2. Kelompok kedua adalah orang-orang atau badan hukum perdata yang dapat
disebut sebagai pihak ketiga yang berkepentingan.
3. Kelompok ketiga adalah badan atau jabatan TUN yang lalu, namun UU
PTUN tidak memberi hak kepada badan atau jabatan TUN yang mengugat
B. PARA PIHAK
Sama seperti pada persidangan di lingkup persidangan umum, para pihak pada
pemeriksaan di sidang pengadilan di lingkungan peradilan tata usaha negara
disebut penggugat dan tergugat.
1. Penggugat
Dalam UU No 5 Tahun 1986 tidak ada ketentuan yang menyebutkan siapa
yang dimaksud dengan penggugat tersebut. Tetapi dari ketentuan Pasal 53
ayat (1) UU No 5 Tahun 1986 dapat diketahui apa yang dimaksud dengan
penggugat.
Dari ketentuan diatas dapat diketahui bahwa dalam sengketa tata usaha
negara yang dapat bertindak sebagai penggugat adalah:
a. Orang yang merasa kepentingannya dirugikan oleh suatu keputusann tata
usaha negara
b. Badan hukum perdata yang merasa kepentingannya dirugikan oleh suatu
keputusan tata usaha negara.
Berdasarkan hal ini sudah jelas diperoleh suatu kesimpulan bahwa tidak
mungkin badan atau pejabat negara bertindak sebagai penggugat sebab badan
atau pejabat negara tersebutlah yang mengeluarkan suatu keputusan yang
dianggap telah mendatangkan suatu kerugian bagi kepentingan pihak lain.
2. Tergugat
Lain halnya dengan kedudukan tergugat.
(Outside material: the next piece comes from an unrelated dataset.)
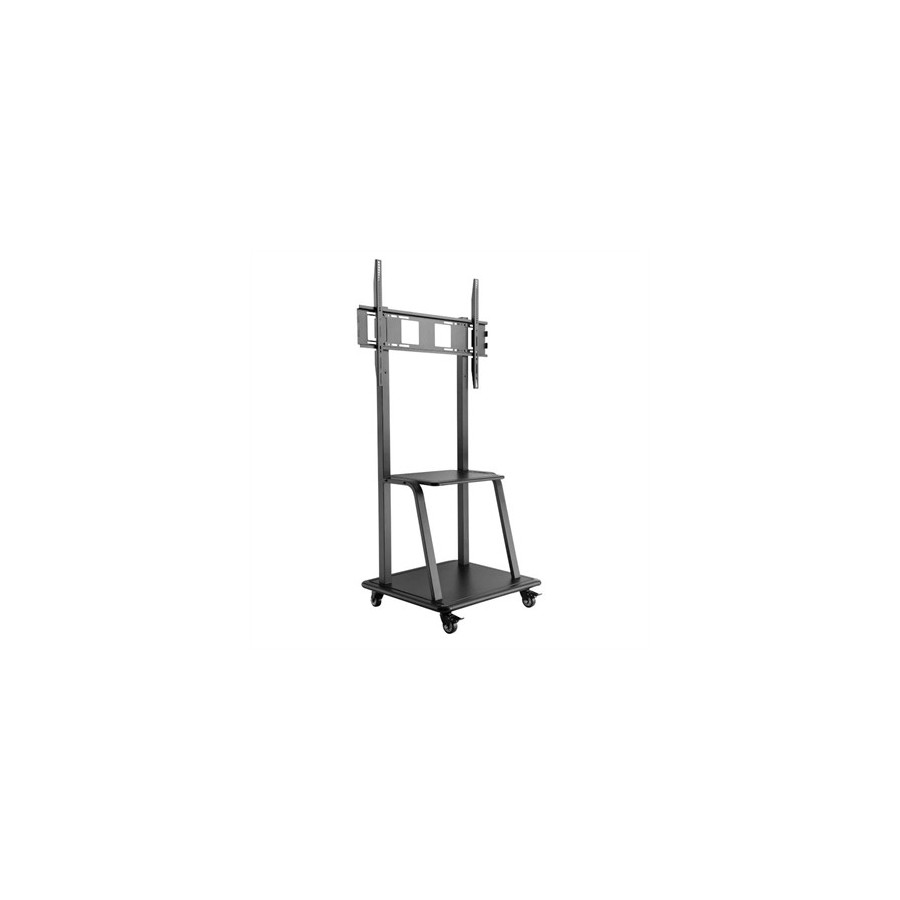 iggual GOLIAT Soporte TV con ruedas 37"-100" 150kg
Yang dimaksud dengan tergugat
dapat ditemukan pada pasal 1 angka 6 UU No 5 tahun 1986 (Pasal 1 angka
12 UU No 9 tahun 1986 jo UU No 51 Tahun 2009 yang menyebutkan:
tergugat adalah badan atau pejabat tata usaha negara yang mengeluarkan
keputusan berdasarkan wewenang yang ada padanya atau yang dilimpahkan
kepadanya yang digugat oleh orang atau badan hukum perdata.
“wewenang” sebagaimana disebut dalam Pasal 1 angka 6 UU No 5 Tahun
1986 (Pasal 1 angka 12 UU No. 9 Tahun 1986 jo UU No 51 tahun 2009)
adalah wewenang berdasarkan peraturan perundangan yang berlaku jadi
wewenang dalam pengertian hukum publik.